While on the topic of general election campaigns, I want to amend an earlier assessment that had Walker besting Hillary in the 2016 presidential race. Watching video clips of his official campaign kickoff it struck me -- I don't know why I didn't react this way to Walker before -- that he comes across as too much of a dullard, too much a low-watt middle-manager type to win the allegiance of your average voter. Your average voter, whomever that may be -- mythic suburban "soccer mom"; independent; Oprah acolyte -- wants more star power in her/his candidate for the White House. Walker is too plain (and, let's not be shy, too homely). Plus, he's staking out hard right positions, not just on collective bargaining rights, but now on Iran and Russia as well, that are out of step with the mainstream.
So at this moment it looks to me as if the early predictions of a dynastic clash of titans, Hillary vs. Jeb, for the 2016 presidential race are going to be proven accurate. This assumes that the Trump boom fades.
Yves Smith argues this morning that a Grexit is still the most likely outcome. The IMF's declaration that debt relief must be included in any new bailout package will make it difficult for the various euro nations -- Finland, Germany, Portugal, among others -- to approve any new deal in their respective legislatures. And there is no guarantee that Tsipras can pass four out six creditor demands out of the Greek Parliament today.
It seems odd to me that so many Greeks appear to be sticking with Tsipras. The explanation is that there is no one else to turn to. I guess an abused spouse will tend in the short term to stick with a lying, cheating mate for fear of the unknown, of being alone. Eventually though, as the lying continues, courage is plucked up and one moves on. This is what will happen in Greece.

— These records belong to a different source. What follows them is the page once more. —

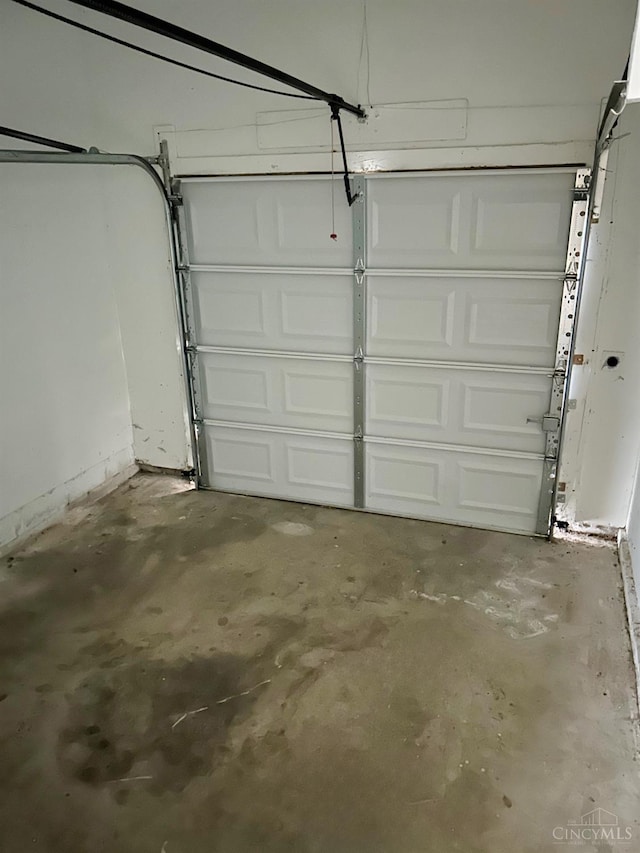 2247 Tucker Rd, Blanchester, OH 45107 - view of garage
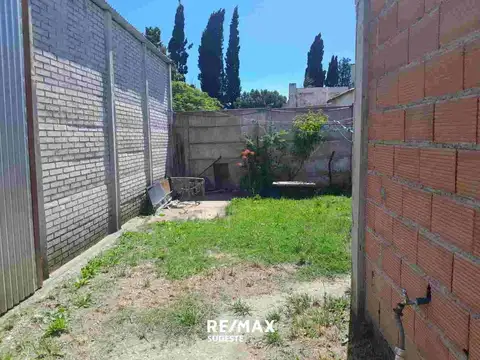 CASA + GALPON - TALLER CON FOSA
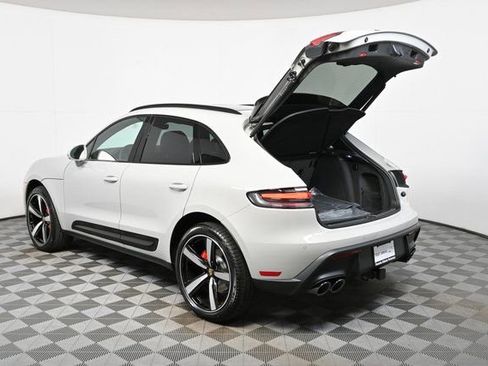 New 2026 Porsche Macan S image 34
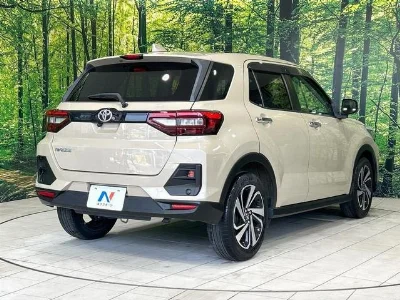 TOYOTA RAIZE 2021 с аукциона, 1000cc, пробег 24 000 км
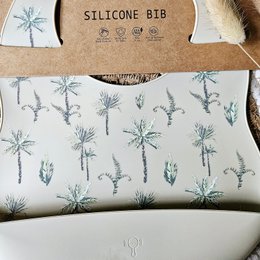 Silicone bib bee - jungle plant print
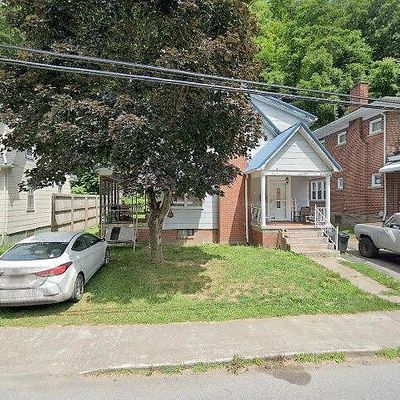 528 Moran Ave, Mullens, WV 25882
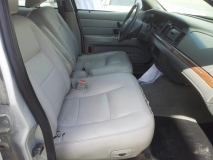 للبيع فورد Crown Victoria 2003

As a Grexit chaotically unwinds the question will be asked, "How can Syriza have bargained with the troika for half a year without making at least rudimentary plans for returning to the drachma?" Varoufakis has asserted that currency conversion takes a lot of time, which I am sure it does. But Syriza leads Greece. It was foolishly irresponsible given the obvious intention of Germany to force Greece out of the eurozone not to prepare for the possibility of a Grexit.